TASK PROMPT -> Return the records exactly, from the first line through the "DNS BCAAパウダー 200g" line.

[Crawled caption data]
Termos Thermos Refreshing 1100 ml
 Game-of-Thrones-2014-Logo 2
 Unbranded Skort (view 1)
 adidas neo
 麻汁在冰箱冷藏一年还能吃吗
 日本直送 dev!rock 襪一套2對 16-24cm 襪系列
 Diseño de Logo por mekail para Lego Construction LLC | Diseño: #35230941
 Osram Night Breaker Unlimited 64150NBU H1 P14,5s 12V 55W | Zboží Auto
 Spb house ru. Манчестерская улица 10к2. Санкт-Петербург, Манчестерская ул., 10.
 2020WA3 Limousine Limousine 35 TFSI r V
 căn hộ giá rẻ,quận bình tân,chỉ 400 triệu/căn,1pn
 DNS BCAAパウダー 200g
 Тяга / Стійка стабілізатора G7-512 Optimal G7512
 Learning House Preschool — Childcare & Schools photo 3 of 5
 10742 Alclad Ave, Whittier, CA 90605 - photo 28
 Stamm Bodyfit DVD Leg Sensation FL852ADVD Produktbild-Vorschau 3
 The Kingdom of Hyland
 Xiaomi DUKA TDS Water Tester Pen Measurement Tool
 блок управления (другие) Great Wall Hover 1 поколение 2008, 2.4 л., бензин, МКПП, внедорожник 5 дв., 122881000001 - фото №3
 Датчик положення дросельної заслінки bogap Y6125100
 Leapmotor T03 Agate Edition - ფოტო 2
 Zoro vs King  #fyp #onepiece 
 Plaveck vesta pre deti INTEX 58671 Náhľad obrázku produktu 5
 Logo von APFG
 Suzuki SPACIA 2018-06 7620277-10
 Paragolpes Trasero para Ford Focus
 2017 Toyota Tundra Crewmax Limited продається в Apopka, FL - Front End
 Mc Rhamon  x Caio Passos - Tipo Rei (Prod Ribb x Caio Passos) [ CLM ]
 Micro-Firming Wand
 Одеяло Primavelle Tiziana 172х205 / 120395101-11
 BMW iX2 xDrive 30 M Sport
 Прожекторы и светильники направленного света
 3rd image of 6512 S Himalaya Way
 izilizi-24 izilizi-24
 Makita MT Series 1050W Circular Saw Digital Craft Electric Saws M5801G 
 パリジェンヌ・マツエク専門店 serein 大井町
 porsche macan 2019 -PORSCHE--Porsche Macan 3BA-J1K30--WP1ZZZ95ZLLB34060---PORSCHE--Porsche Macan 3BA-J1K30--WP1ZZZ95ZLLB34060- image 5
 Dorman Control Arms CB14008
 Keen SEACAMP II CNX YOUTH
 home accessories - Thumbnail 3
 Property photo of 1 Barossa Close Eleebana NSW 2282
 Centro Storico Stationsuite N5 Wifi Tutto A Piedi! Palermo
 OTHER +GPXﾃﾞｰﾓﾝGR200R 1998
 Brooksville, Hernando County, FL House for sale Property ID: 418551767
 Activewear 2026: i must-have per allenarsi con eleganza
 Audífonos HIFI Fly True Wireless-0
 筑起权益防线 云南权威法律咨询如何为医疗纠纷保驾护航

RESULT BELOW ->
Termos Thermos Refreshing 1100 ml
 Game-of-Thrones-2014-Logo 2
 Unbranded Skort (view 1)
 adidas neo
 麻汁在冰箱冷藏一年还能吃吗
 日本直送 dev!rock 襪一套2對 16-24cm 襪系列
 Diseño de Logo por mekail para Lego Construction LLC | Diseño: #35230941
 Osram Night Breaker Unlimited 64150NBU H1 P14,5s 12V 55W | Zboží Auto
 Spb house ru. Манчестерская улица 10к2. Санкт-Петербург, Манчестерская ул., 10.
 2020WA3 Limousine Limousine 35 TFSI r V
 căn hộ giá rẻ,quận bình tân,chỉ 400 triệu/căn,1pn
 DNS BCAAパウダー 200g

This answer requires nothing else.